The Christian concept of God as applying in mid-first millennium Rome and Byzantium posed a growing problem for Neoplatonists trying to nourish and develop their idea of the divine in forced opposition to Christian ideas. As late as 529 AD these intellectuals fell victim when Justinian, beefed up his anti-pagan legislation, purged Pagans and closed the Neoplatonic school of Athens.

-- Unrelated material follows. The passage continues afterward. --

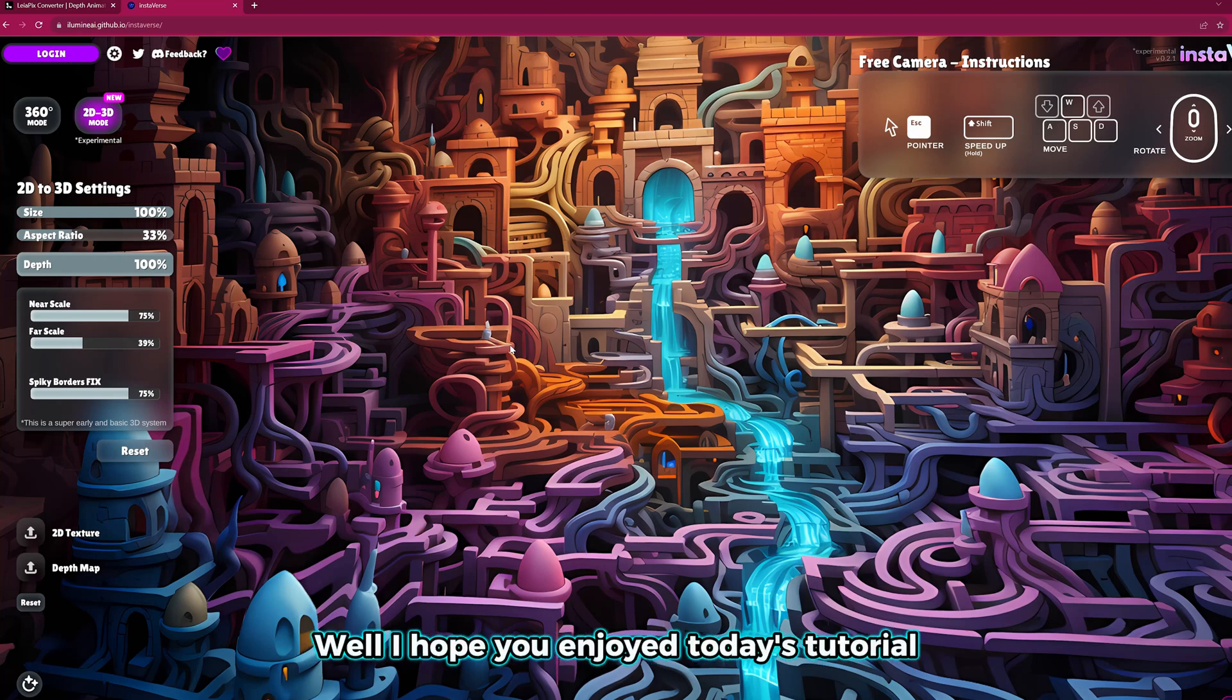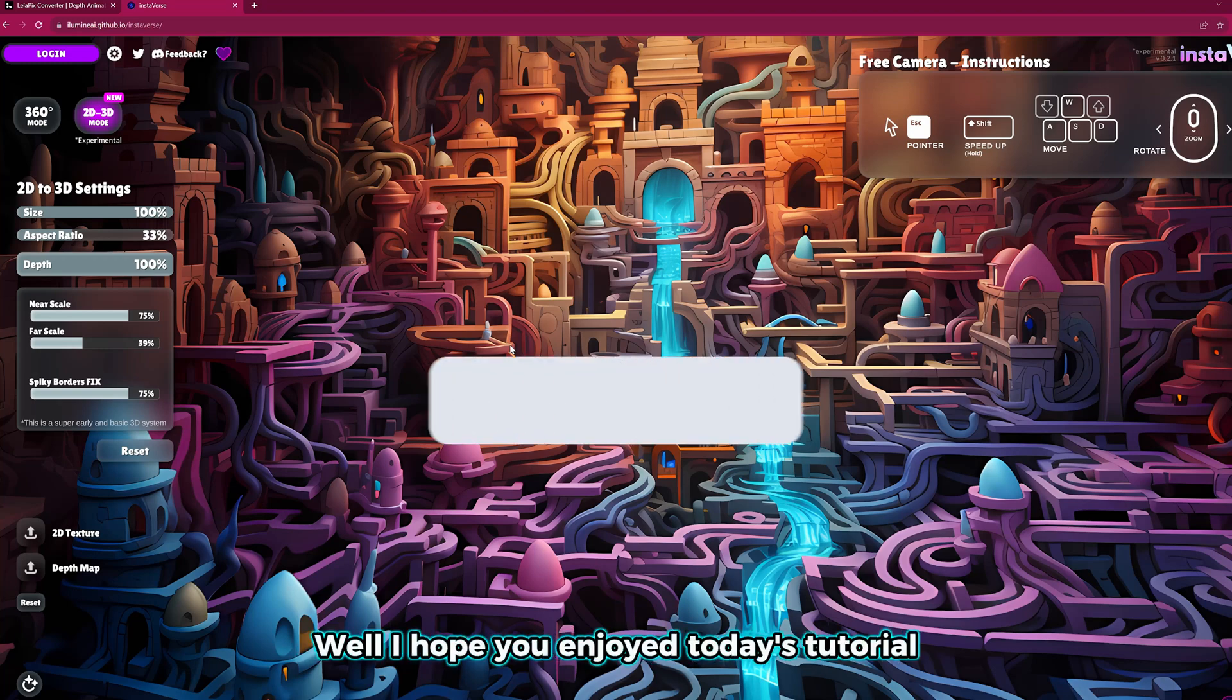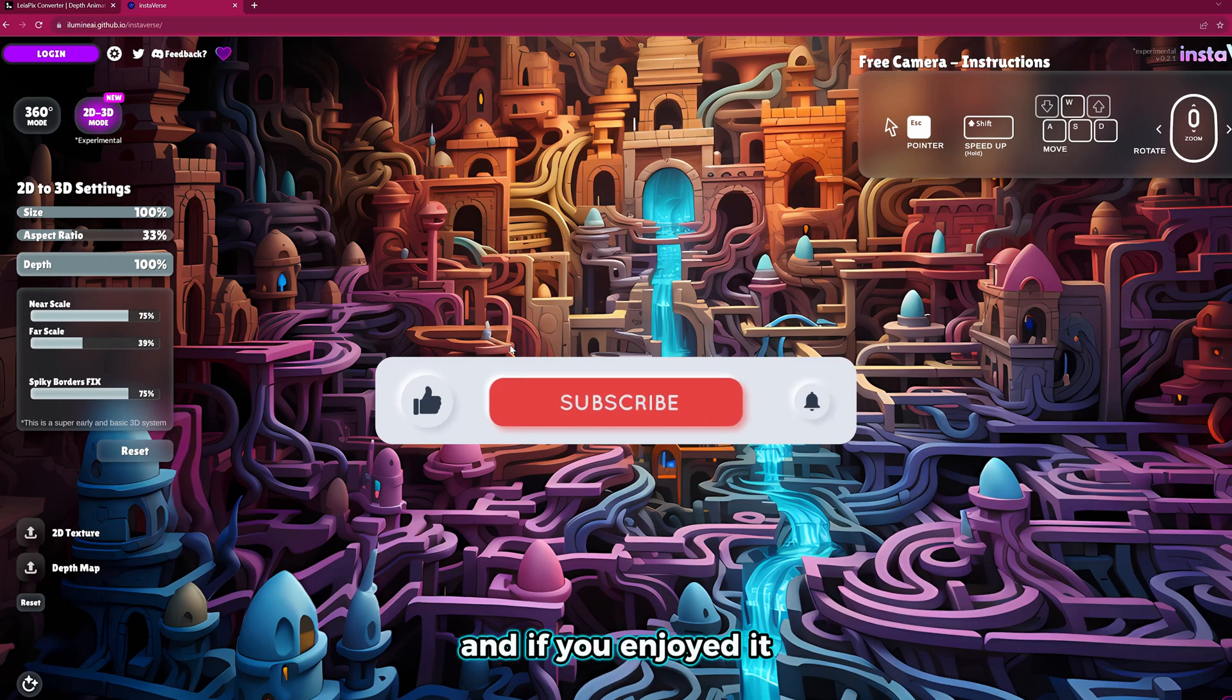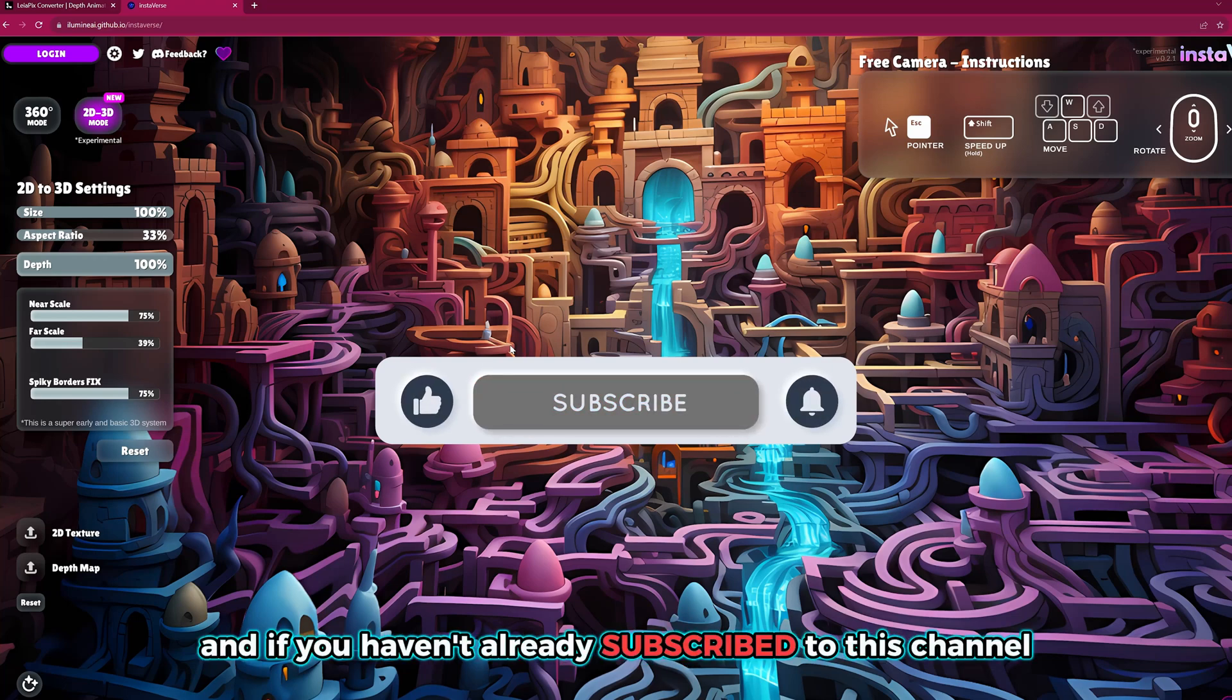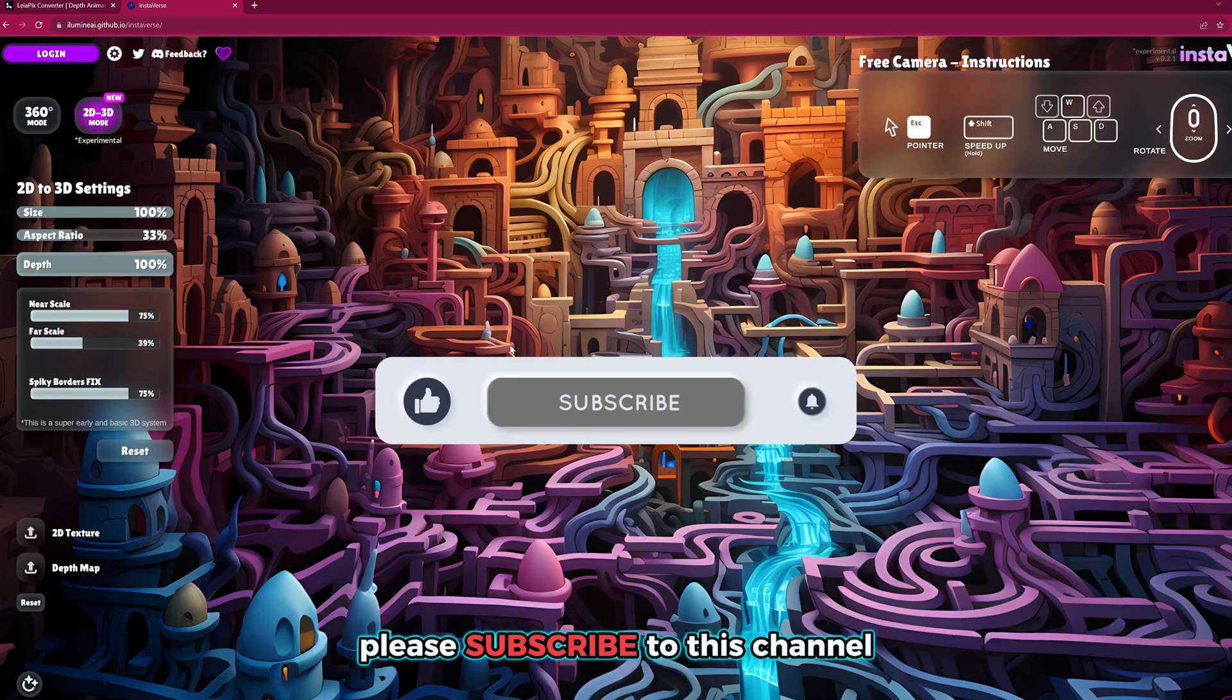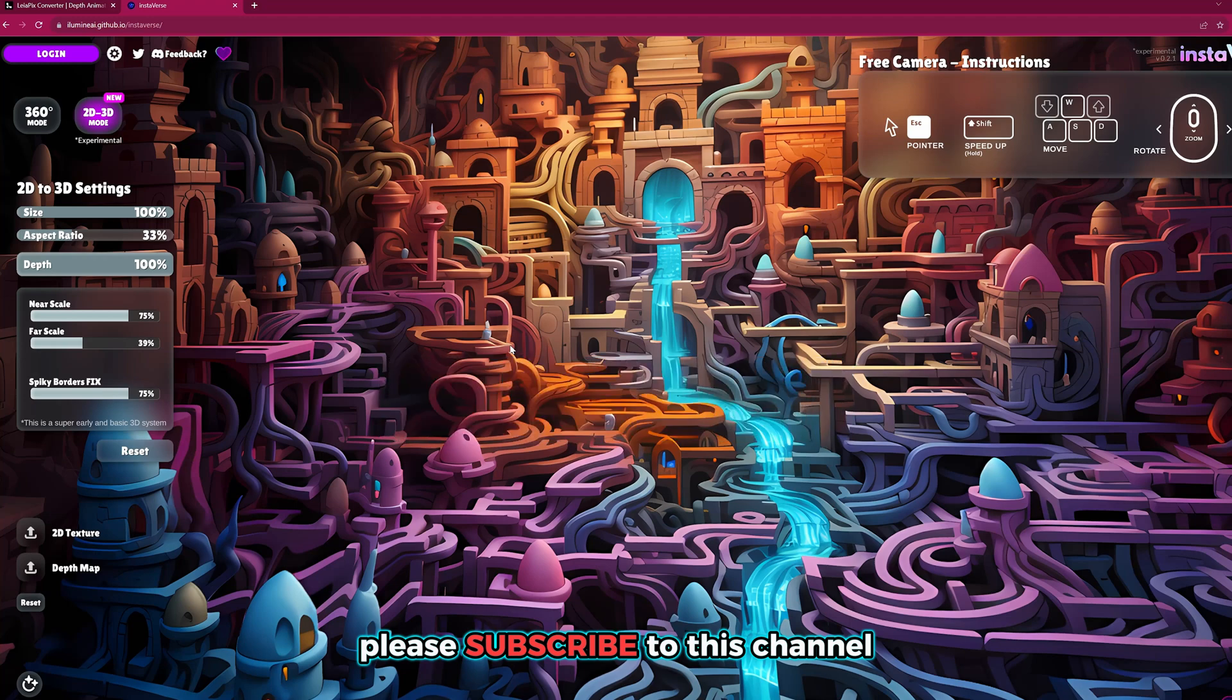Well, I hope you enjoyed today's tutorial. And if you enjoyed it, please consider giving this video a like. And if you haven't already subscribed to this channel, please subscribe to this channel and I'll see you in the next one. Bye!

In this general perspective the fragmentary anonymous Dialogue on Political Science (DoPS) can be seen as an attempt – one, two or three decades after the 530s – to revive and develop Neoplatonic ways of thinking – niching them while addressing the field of political science. In the 550s Justinian was already Mubarak-old if not exactly in years and surgery sessions in Germany. Nevertheless, it stands to reason that when a Neoplatonist writer turns to this field of practical rather than metaphysical or esoteric thinking, he seeks to demonstrate something uncommon among Neoplatonists. In effect he argues that a Platonic foundation will support the better government of any two Christian or non-Christian rulers, and he thinks that political leaders ought to step down at 57 or 60. Given that old age came early in the 6th c. this is not a bad idea.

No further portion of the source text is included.